現状がツライから仕事をやめたいと思ってみても、やめたところで次の仕事が見つからないと生活していけない。そもそも仕事の内容が嫌なのか給料が低いから嫌なのか人間関係が嫌なのか、ストレスがたまりすぎていると冷静に判断できないものです。
ストレスが高い状態が長期間続くと、人間の本能は「生存モード」に切り替わります。つまり、脅威を遠ざける(自分が逃げるか、隠れるか、相手を消す)ことにしか集中できなくなります。
『仕事がツライ→やめたい』というのは、まさにこの「生存モード」がピークに達している状態です。冷静に判断すればやめるほどでもない状況でも、勢いに任せて会社を辞めてしまって後から後悔したくはありません。
この記事では、3回の転職、4社で正社員として働いたことがある経験のある私が、『正しい逃げ方』について解説させていたきます。
地元の弱小日系企業町工場で最低賃金レベルだったこともありますが、紆余曲折あって現在ではグローバルに展開している外資系企業に就職し、日本人の平均以上の年収を得ることができるようになりました。
紆余曲折あってと書きましたが、今振り返ってみて一番良かったなと思うことは『逃げるべき時にしっかり逃げた』という点です。もちろん、新しいスキルや知識を得るためにある程度努力はしましたが、それ以上に「あの時、逃げるという決断をしてよかった」と思えることのほうが印象に残っています。
『逃げる』ことは負けを認めることではありません。
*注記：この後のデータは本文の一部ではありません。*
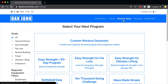Welcome to Dan John University. The first thing I want to show you is how our workout setup selection works. You've got two primary options: you can use the custom workout generator, or you can do a program that's been written previously that has a set specific list of exercises.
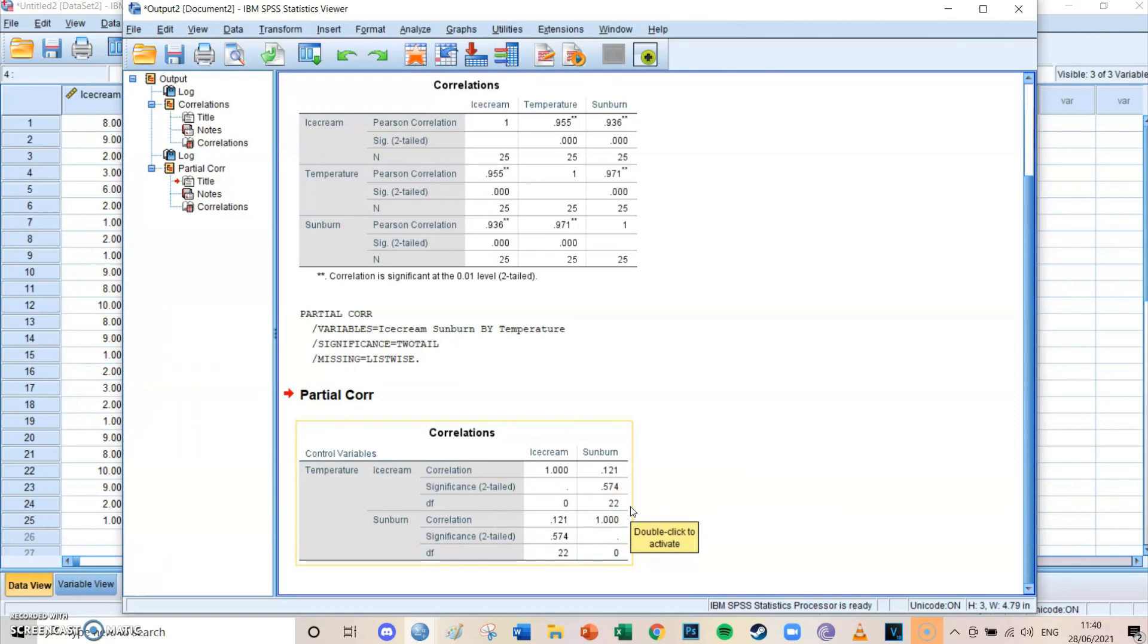So if you think that you have a confounder, then always do a partial correlation for the two variables you want to know the correlation for, and then control it. So add as a control variable, you add your confounder. So temperature. Okay.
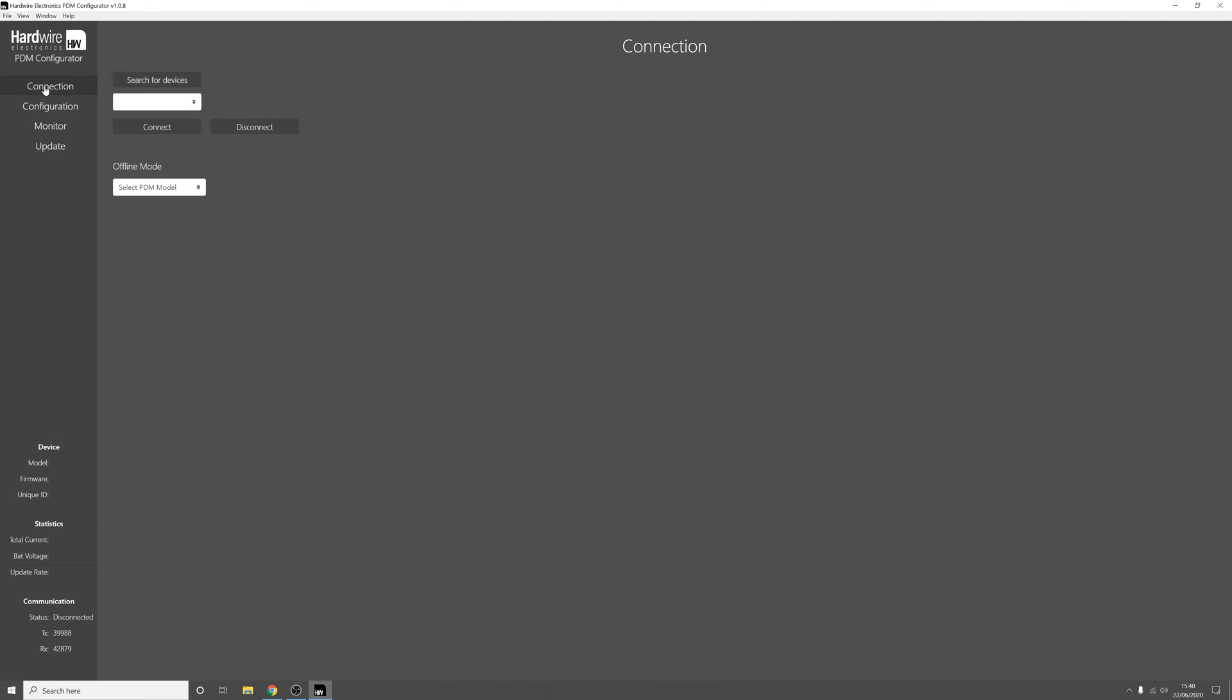We'll then go back search for devices and connect and you can see that now we're in firmware update mode.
『逃げる』とは、冷静に状況を判断して「危機から距離を取る」ことが最良の選択であると判断し行動に移すことです。
それでは『正しい逃げ方』を5ステップで解説していきます。
Step1・書き出す(自分との対話)
ツライ、と感じていることを書き出してみましょう。
ストレスを抱えていると何か解決方法がないか考えようとするのは自然な反応です。ただしストレスが抱えきれないほど大きくなってしまっている場合は冷静に悩みと向き合うことが難しいものです。
現代社会のストレスの大半は考えただけ解決できるようなシンプルなものではありません。
仮にある一定の解決策を思いついたとしても、気が付くとまたぐるぐると同じことを考えてしまうこともあります。
そんな時は、とにかく思いのままに不安に感じることを紙やスマホのメモ帳に書き出してみることをオススメします。
具体的な解決策が思いついていなくてもオッケーです。ちょっとくらい誤字脱字があったり、文法がめちゃくちゃでも構いません。
この「不安を書き出す」というプロセスの本質は人に見せるためのスバラシイ文章を書くことではありません。脳が不安について考えることを止められない暴走状態にブレーキをかけることが目的です。
脳は、自分が思っているよりも割と単純でバカです。
不安に思うことがあるといつまでもぐるぐると同じことを考えてしまいます。
不安に思うことを書き出すことで、「あの不安に感じていることはあそこ(紙やスマホ)に書き出したから、もう自分では考えなくて大丈夫」と思うことができます。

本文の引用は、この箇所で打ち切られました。